Friday, March 31, 1989

Giraffe released The View from Here this month

The View from Here


Released: March 1989

Peak: --

Sales (in millions): --

Genre: neo prog rock


Click on a song title for lyrics.

  1. Home [1:47]
  2. Progress [8:15]
  3. From Here to There [2:34]
  4. All Fall Down [6:22]
  5. The Way Back Home [5:01]
  6. Waiting for the Rain [4:29]
  7. Holding on with Both Hands [4:43]
  8. I Will Survive [5:26]
  9. Air Dance [5:46]
  10. Welcome Home [5:05]

Total Running Time: 48:58

The Players:

  • Kevin Gilbert (vocals, keyboards, bass, guitar)
  • Stan Cotey (guitar, keyboards)
  • Michael Abowd (keyboards)
  • Chris Beveridge (bass)
  • J. Scott Smith (drums)

Additional Musicians:

  • Robert Ferris (keyboards, vocals)
  • Tom Politzer (sax ensemble and solos on “All Fall Down” and “Waiting for the Rain”)
  • Susan Moretti (vocals on “Air Dance”)
  • Steve Watts (drums)


3.065 out of 5.00 (average of 9 ratings)

Awards: (Click on award to learn more).

About the Album:

The View from Here was the second and final studio album from Giraffe, “a pretty good bay area pop band led by Kevin Gilbert…[whose] sound leans toward progressive and maybe even fusion a little.” SF “Kinda danceable poppy prog.” SF The View from Here is loaded with great hooks, excellent vocals, and taped gimmicks between the tracks to give sort of a continuity feel.” SF

Giraffe member Scott Smith says of the album, “This was another stellar Kevin Gilbert production.

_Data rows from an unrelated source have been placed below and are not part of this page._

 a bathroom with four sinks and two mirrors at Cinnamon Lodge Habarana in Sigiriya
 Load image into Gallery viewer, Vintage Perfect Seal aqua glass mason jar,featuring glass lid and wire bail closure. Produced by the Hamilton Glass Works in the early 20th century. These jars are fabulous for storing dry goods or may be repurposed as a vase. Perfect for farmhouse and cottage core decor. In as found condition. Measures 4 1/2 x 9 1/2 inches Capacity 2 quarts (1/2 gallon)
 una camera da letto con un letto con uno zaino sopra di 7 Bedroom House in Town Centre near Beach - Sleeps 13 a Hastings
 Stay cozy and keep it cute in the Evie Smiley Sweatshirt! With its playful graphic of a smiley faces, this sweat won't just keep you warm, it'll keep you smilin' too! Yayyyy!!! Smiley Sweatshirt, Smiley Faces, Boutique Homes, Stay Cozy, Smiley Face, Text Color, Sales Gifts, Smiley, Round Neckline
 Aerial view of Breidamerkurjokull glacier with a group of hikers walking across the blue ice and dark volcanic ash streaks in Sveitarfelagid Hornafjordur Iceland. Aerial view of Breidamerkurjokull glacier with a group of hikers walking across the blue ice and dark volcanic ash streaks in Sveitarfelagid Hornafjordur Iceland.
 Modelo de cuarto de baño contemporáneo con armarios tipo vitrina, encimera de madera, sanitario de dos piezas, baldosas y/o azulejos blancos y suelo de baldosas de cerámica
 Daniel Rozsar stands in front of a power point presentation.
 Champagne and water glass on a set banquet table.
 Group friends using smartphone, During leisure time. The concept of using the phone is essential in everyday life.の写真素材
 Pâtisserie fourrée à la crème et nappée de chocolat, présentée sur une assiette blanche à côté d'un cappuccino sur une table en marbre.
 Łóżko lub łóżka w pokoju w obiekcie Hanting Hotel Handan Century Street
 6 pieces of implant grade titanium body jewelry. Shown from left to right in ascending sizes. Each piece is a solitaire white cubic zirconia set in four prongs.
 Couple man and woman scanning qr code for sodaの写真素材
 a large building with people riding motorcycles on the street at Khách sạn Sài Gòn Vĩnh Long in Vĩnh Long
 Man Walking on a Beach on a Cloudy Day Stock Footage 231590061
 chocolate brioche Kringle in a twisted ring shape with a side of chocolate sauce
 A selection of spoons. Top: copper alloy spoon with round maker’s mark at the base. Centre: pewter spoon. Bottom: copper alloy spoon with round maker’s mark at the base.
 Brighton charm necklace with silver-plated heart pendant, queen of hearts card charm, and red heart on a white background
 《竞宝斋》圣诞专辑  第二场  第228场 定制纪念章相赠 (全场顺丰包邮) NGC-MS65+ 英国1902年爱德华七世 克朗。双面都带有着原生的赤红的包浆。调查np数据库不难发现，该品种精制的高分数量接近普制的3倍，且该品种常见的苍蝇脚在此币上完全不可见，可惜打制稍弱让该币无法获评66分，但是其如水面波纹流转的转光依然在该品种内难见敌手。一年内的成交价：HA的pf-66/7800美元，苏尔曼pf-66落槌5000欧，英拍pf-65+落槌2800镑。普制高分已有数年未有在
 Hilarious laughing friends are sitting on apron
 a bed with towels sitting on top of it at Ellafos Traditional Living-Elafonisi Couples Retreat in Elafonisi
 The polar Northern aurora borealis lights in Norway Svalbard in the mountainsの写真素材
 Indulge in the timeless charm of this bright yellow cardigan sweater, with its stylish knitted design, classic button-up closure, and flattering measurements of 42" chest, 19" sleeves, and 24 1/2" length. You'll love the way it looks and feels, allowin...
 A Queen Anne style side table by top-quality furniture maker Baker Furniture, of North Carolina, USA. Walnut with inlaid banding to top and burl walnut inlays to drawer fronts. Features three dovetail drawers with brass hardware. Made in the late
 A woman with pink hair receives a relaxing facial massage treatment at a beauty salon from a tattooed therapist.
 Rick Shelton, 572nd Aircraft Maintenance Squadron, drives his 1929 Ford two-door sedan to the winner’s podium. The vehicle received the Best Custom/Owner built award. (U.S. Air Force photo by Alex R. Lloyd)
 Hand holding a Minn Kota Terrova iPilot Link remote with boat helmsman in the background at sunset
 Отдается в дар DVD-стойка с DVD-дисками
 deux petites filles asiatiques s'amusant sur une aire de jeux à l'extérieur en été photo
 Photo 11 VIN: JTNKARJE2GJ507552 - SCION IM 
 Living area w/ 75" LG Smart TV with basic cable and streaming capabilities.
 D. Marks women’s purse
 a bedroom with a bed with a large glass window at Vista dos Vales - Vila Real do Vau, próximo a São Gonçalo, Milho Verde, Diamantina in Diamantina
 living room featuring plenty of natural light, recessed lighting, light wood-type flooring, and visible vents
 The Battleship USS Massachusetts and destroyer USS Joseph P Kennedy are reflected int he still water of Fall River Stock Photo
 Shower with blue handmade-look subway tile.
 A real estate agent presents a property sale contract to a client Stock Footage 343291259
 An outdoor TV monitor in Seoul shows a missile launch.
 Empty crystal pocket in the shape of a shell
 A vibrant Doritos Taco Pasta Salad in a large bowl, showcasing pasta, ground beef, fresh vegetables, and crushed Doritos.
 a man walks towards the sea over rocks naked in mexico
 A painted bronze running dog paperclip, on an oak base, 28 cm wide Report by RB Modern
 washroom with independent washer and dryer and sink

It had vision, great songs, and kept the whole progressive, yet commercial aspect of Giraffe intact. I still think it’s a wonderful record.” SS

The album was finished fresh off the band’s return from Band Explosion, an international competition for unsigned bands in which they took second. Ironically, the band’s success would be their undoing as Gilbert would be approached by producer Pat Leonard, a judge from the contest, about forming the band Toy Matinee.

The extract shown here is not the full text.